- **PROMPT**
Exercise in exact copying: restate word for word only the lines below from the one containing "Elegant Diamond Oval" through the one containing "CO license plate AVU686", omitting any pictures.

- **INFORMATION SHOWN**
______________________________
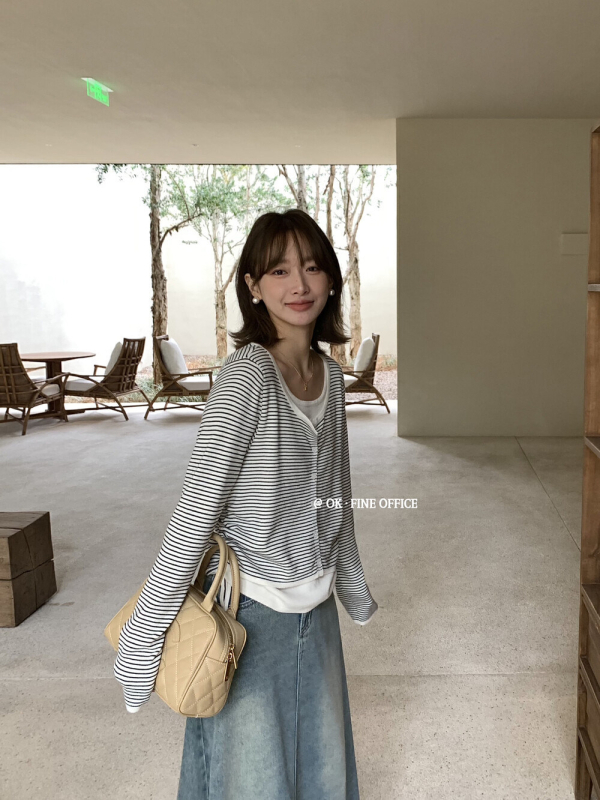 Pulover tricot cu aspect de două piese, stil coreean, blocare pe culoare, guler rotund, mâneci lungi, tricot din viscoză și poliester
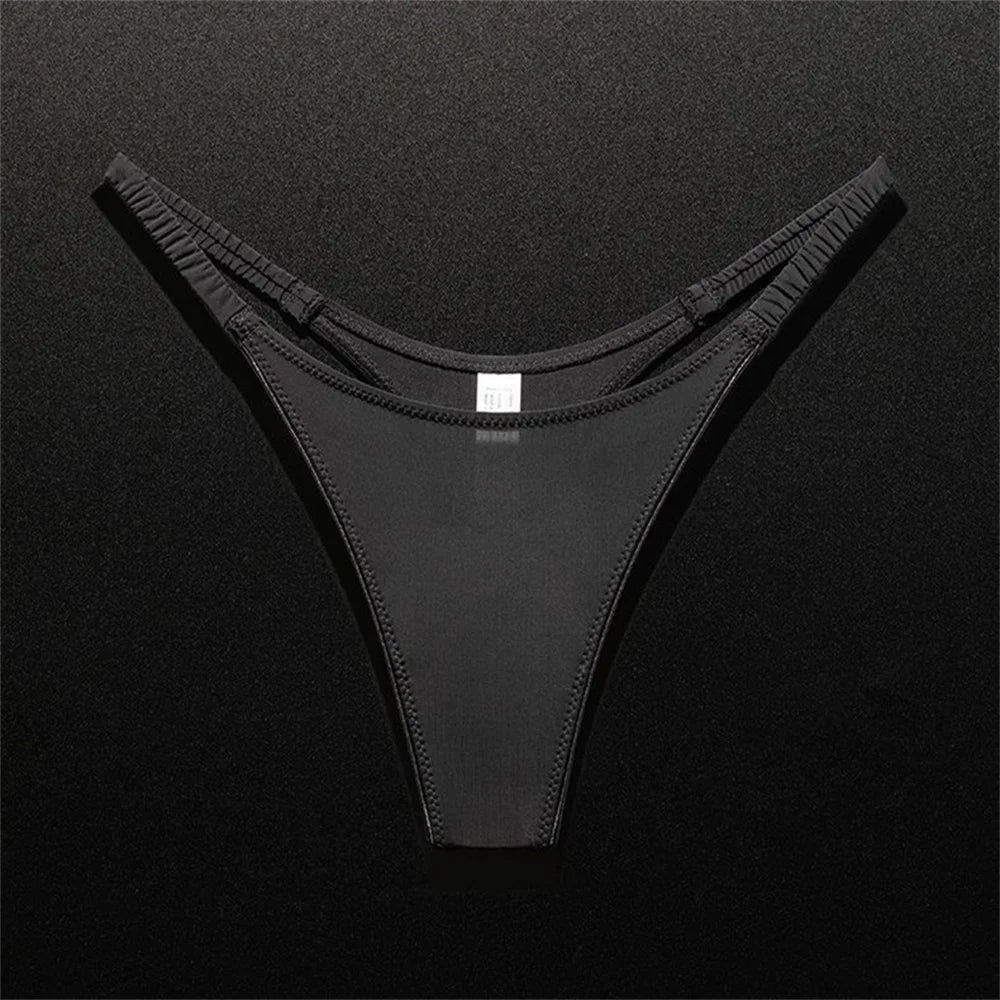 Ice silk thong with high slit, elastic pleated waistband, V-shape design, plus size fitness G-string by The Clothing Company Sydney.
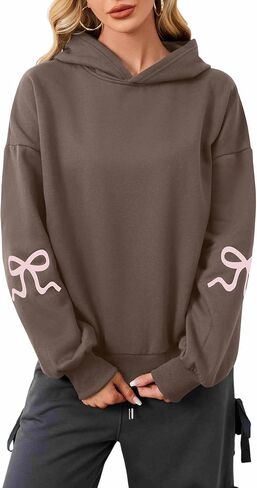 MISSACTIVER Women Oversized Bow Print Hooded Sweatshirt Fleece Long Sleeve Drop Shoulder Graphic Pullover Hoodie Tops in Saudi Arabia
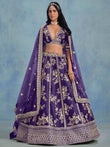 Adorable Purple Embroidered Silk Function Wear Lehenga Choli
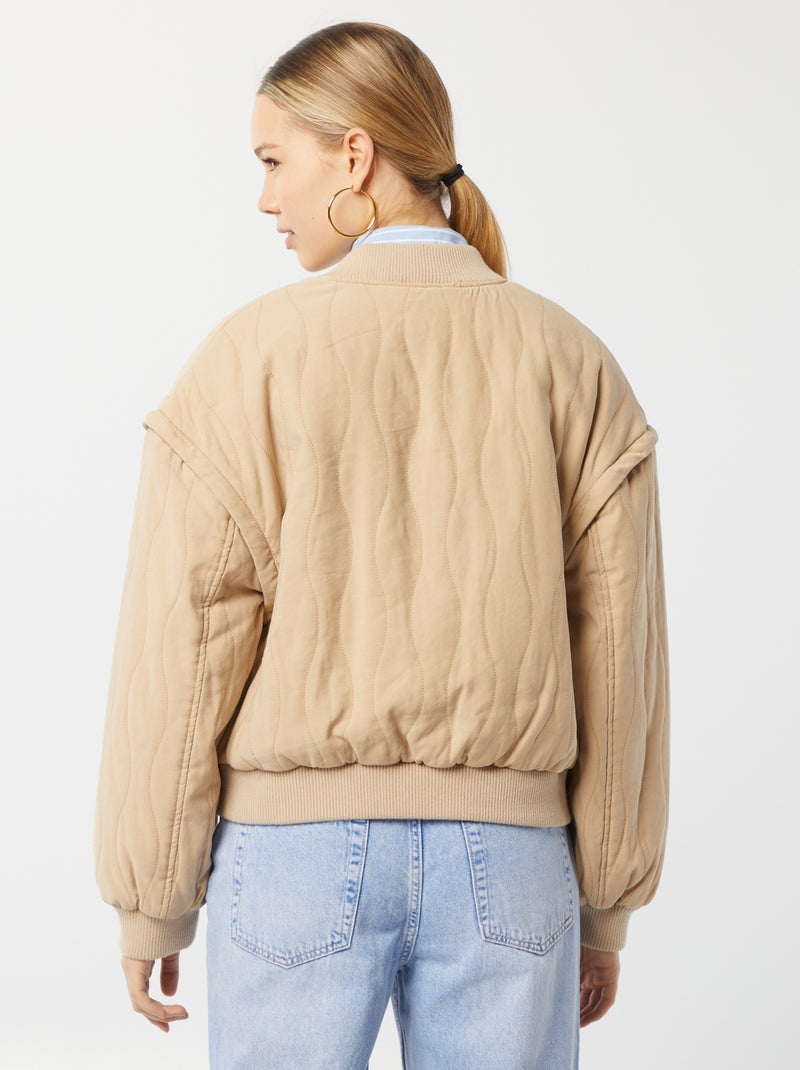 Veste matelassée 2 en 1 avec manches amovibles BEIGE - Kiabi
______________________________
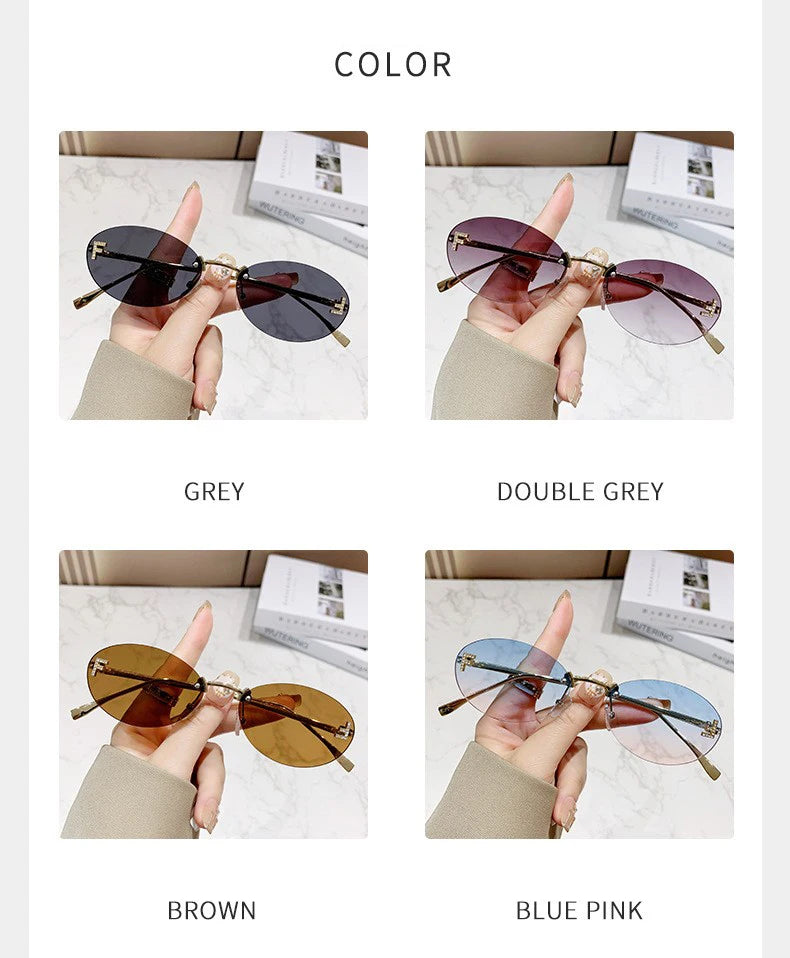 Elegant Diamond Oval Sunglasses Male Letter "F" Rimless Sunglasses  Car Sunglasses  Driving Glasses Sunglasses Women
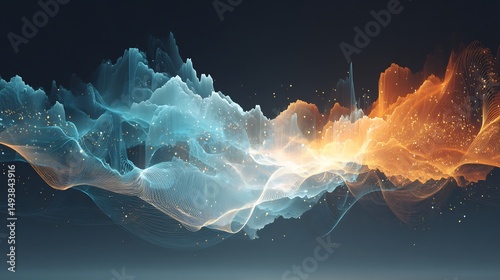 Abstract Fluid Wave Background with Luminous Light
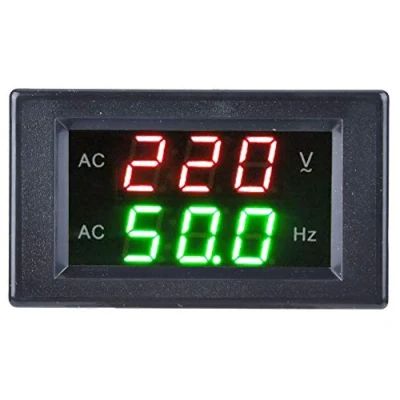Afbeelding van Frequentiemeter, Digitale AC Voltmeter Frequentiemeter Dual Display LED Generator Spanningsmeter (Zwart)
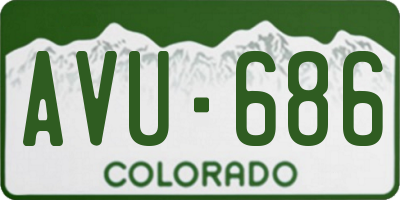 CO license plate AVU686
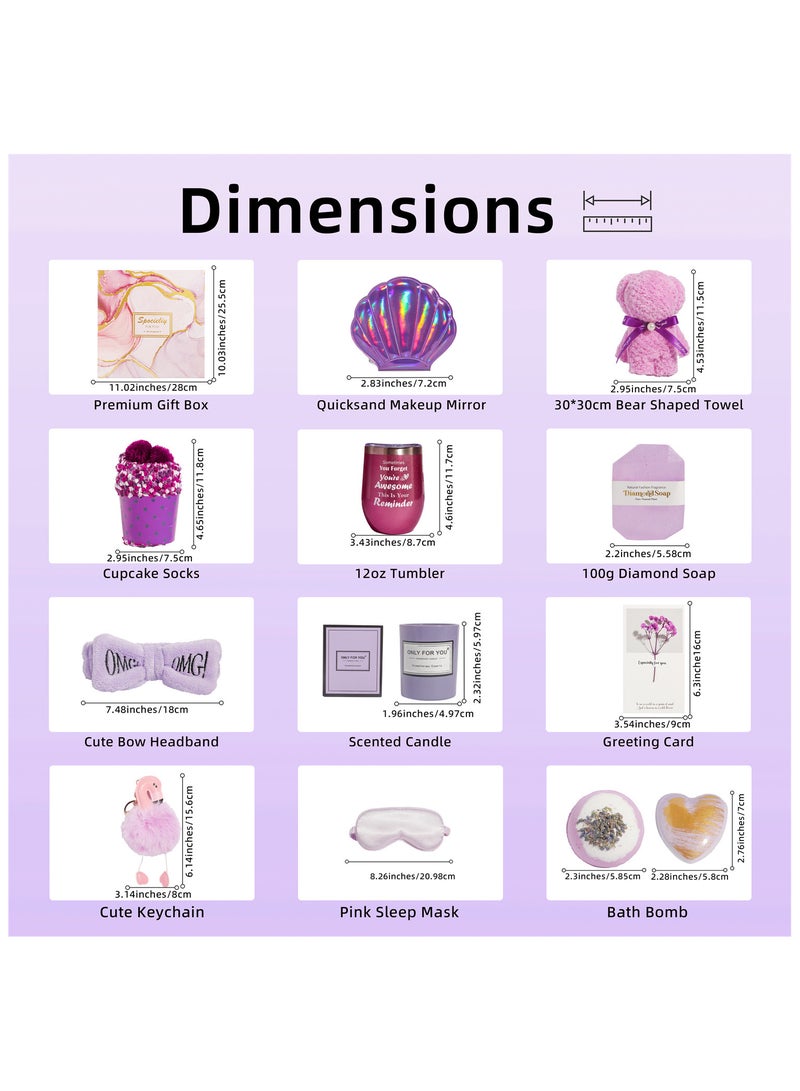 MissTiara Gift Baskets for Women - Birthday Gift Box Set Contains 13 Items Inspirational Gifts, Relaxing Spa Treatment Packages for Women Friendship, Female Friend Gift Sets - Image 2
______________________________
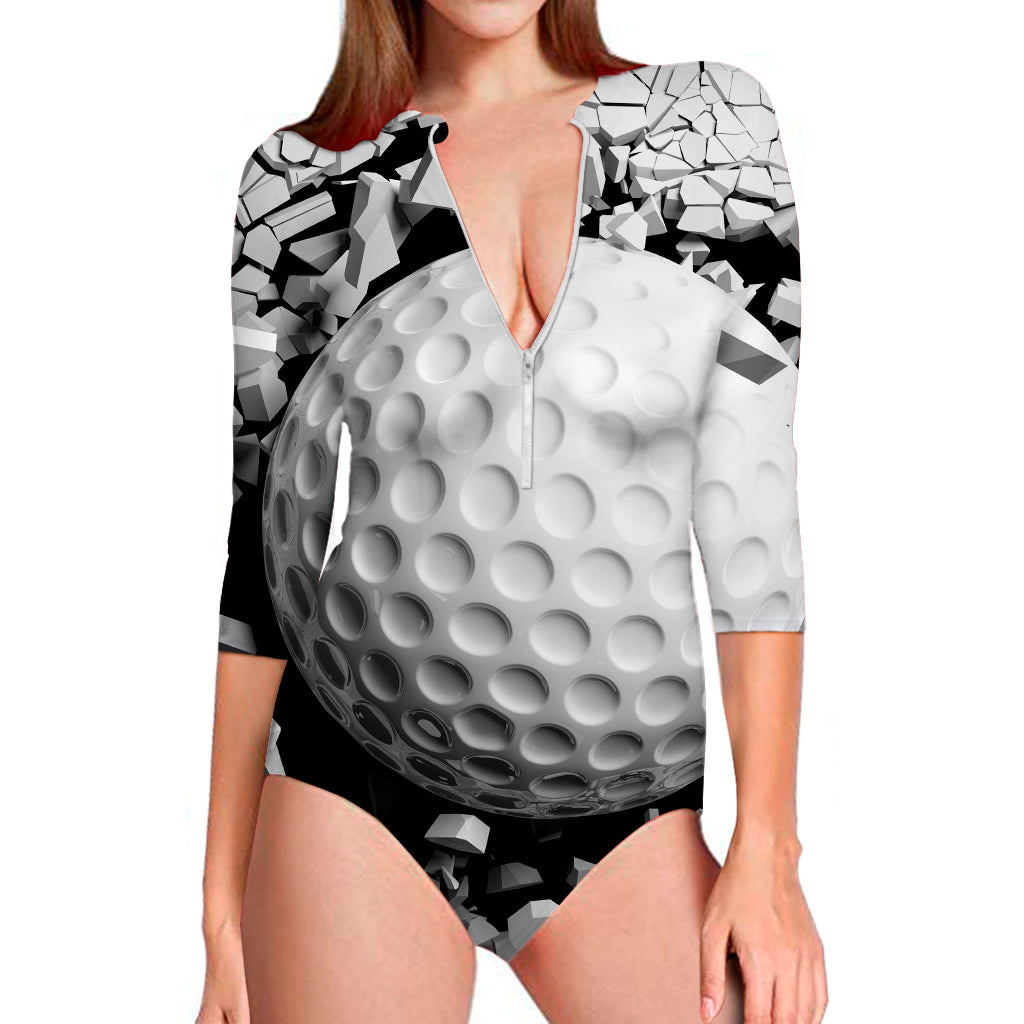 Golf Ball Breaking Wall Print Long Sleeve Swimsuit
______________________________
- **OUTPUT BELOW**
 Elegant Diamond Oval Sunglasses Male Letter "F" Rimless Sunglasses  Car Sunglasses  Driving Glasses Sunglasses Women
 Abstract Fluid Wave Background with Luminous Light
Afbeelding van Frequentiemeter, Digitale AC Voltmeter Frequentiemeter Dual Display LED Generator Spanningsmeter (Zwart)
 CO license plate AVU686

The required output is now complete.